Pratiques ayant démontré leur efficacité concernant la prévention des RPS dans les centres d’appels :

- Développer sens, respect et reconnaissance. Il est fondamental de définir précisément le périmètre et le contenu des postes et de dessiner une politique de reconnaissance qui n’oubliera pas la dimension immatérielle. Par exemple, il est important de communiquer dans l’entreprise sur le principe que conseillé de clientèle est un vrai métier. La reconnaissance passe également, par exemple, par la valorisation des idées d’amélioration des processus que peuvent proposer les conseillers.
- Définir des objectifs de rendement réalistes et une stratégie de rémunération équilibrée. Les écueils concernant la stratégie de rémunération sont bien connus. Si la rémunération est basée sur des critères uniquement individuels, des mécanismes de défiance et concurrence sauvage peuvent s’instaurer entre les salariés. Si les critères sont exclusivement collectifs, le risque du « passager clandestin » (celui ou celle qui profite du travail des autres) est fort. Ces deux risques sont particulièrement problématiques dans un contexte où la charge mentale et le bruit conduisent naturellement à une certaine tension. L’idée est donc de construire un système de rémunération basé sur les performances individuelles et collectives. Il permet ainsi de reconnaître la performance individuelle tout en maintenant un esprit d’équipe. Il est également important de faire vivre ce système en l’améliorant par itérations successives dans le cadre d’un travail participatif.
- Développer la diversité (H/F, ethnique, générationnel, handicap). De manière générale les « cool centers » ont compris la valeur ajoutée de la diversité dans la constitution de leurs équipes (notamment en raison du partage et de la mise en perspective d’expériences que la diversité favorise). La diversité de genre semble particulièrement importante dans les centres d’appels où la proportion de femmes est souvent très élevée.
- Gérer des évolutions de carrière. Un problème important dans les centres d’appel est de gérer la monotonie que la plupart des conseillers ressentent généralement après 2-3 ans d’activité. S’il n’y a pas de recette miracle, plusieurs solutions peuvent être envisagées. La première consiste à privilégier quand c’est possible les évolutions de poste en interne. Le processus global d’évolution interne doit cependant être construit sur les fondations théoriques de la justice organisationnelle pour réduire le sentiment de frustration que les candidats éconduits pourraient ressentir. La seconde solution consiste à travailler sur la polyvalence et proposer une diversification des tâches.
- Un plan de formation conséquent. Il se décompose généralement de quelques semaines de formation pour les nouveaux entrants avant la prise de leur poste et d’un accompagnement individuel par un système de parrainage.

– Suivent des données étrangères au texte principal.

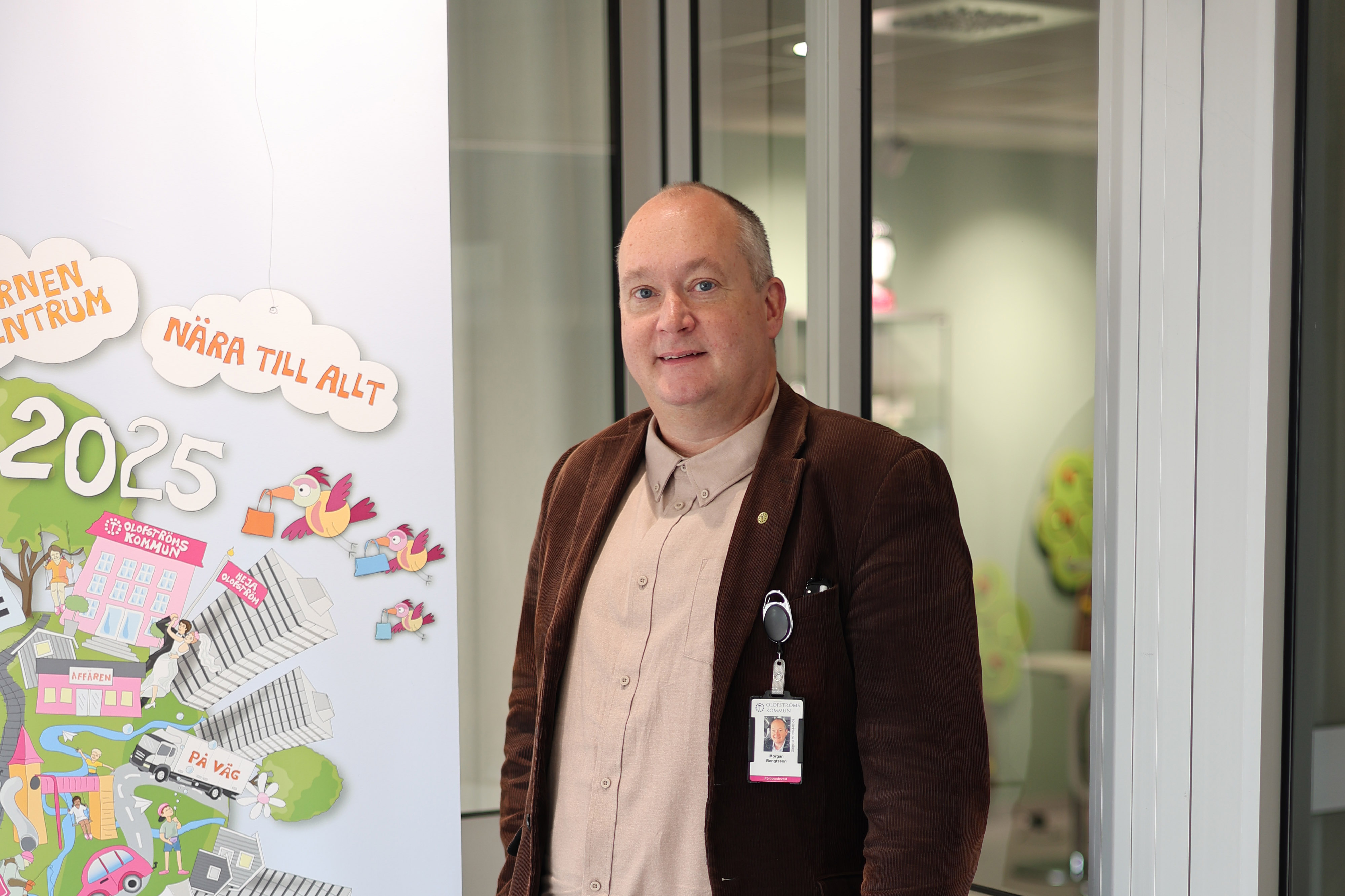 En person står inomhus bredvid en illustration på väggen med temat 2025.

- Un investissement fort concernant la formation des superviseurs. Si leur rôle est fondamental dans la gestion des opérations sur les plateaux téléphoniques, il l’est tout autant dans la prévention des RPS. Leur (difficile) tâche de courroie de transmission dans un contexte de forte charge mentale nécessite une sérieuse formation aux bases du management et en particulier à la communication interpersonnelle et à la gestion de conflit. Cet investissement dans la formation des superviseurs est d’autant plus important et nécessaire si l’entreprise a une politique d’évolution interne.
- Ne pas faire d’impasse sur la communication.  Les conseillers clientèle qui passent plusieurs heures par jour au téléphone, comprennent et supportent mal l’absence de communication au sein de leur service. Il faut donc définir un mode d’échanges participatif et valorisant, organiser régulièrement des réunions d’information, des réunions d’échange avec les superviseurs et pratiquer une communication ouverte qui favorise l’expression de troubles ressentis plutôt que de concourir à leur refoulement.
- Une modélisation précise de la charge de travail. Cette dernière permet d’anticiper les périodes pleines et de recruter et former du personnel en conséquence pour éviter les surcharges de travail.
- Travailler sur les grands principes de l’ergonomie (bruit, lumière).